- [PROBLEM STATEMENT] Look below for the line containing "Pull en maille torsadée, bonprix", then write out that line and every line after it to the end, exactly, minus the pictures.

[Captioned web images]
━━━━━━━━━━━━━━━━━━━━━━━━━━━━━━

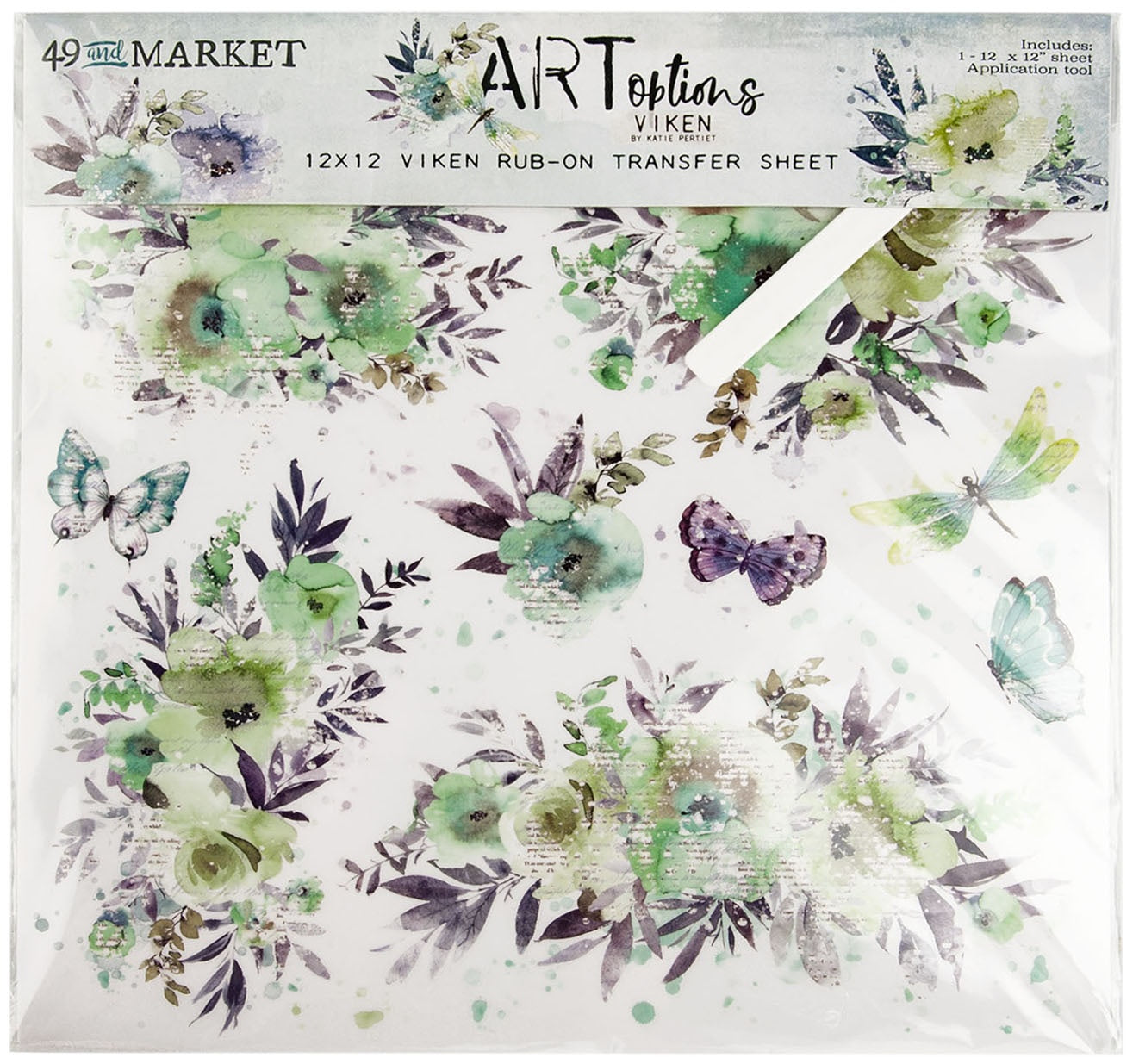 49 And Market ARToptions Viken Rub-Ons 12"X12" - 1 Sheet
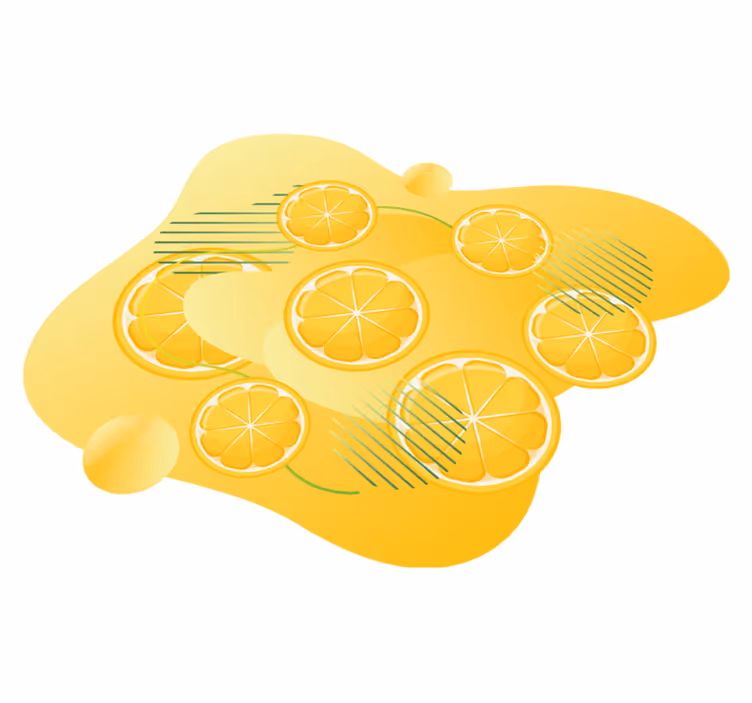 Covor de vinil pentru bucătărie model vioi de citrice - TenStickers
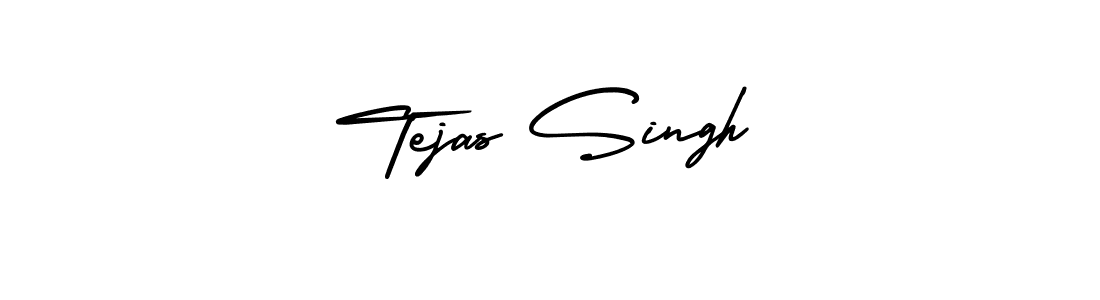 Design your own signature with our free online signature maker. With this signature software, you can create a handwritten (AmerikaSignatureDemo-Regular) signature for name Tejas Singh. Tejas Singh signature style 3 images and pictures png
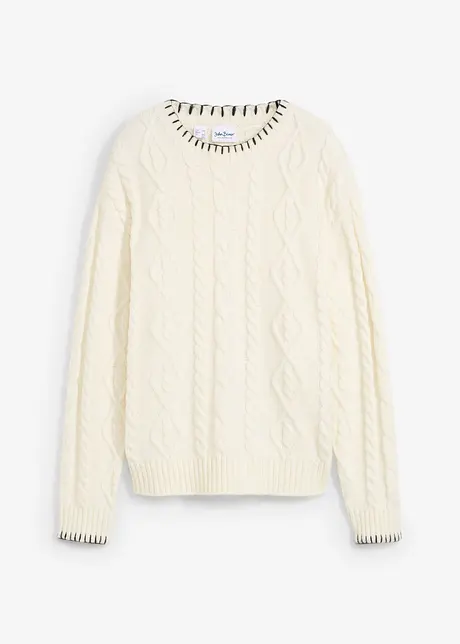 Pull en maille torsadée, bonprix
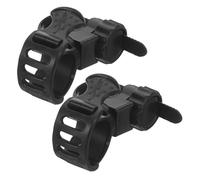 HONMEET 2 pezzi Supporto Cane Leggero per Sedia Rotelle e Scooter Mobilità Porta Bastone Multiuso Piccolo e Durevole Organizer Stampella per Anziani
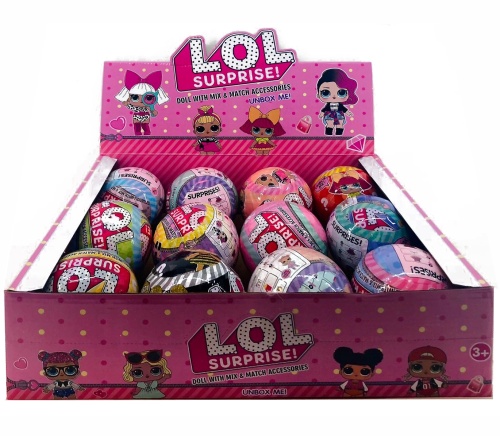 Куклы Лол LOL SURPRISE doll with mix & match accessories в шаре Ø 10 см, 12 шт/уп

━━━━━━━━━━━━━━━━━━━━━━━━━━━━━━

- [OUTPUT OF THE EXERCISE]
 Pull en maille torsadée, bonprix
 HONMEET 2 pezzi Supporto Cane Leggero per Sedia Rotelle e Scooter Mobilità Porta Bastone Multiuso Piccolo e Durevole Organizer Stampella per Anziani
 Куклы Лол LOL SURPRISE doll with mix & match accessories в шаре Ø 10 см, 12 шт/уп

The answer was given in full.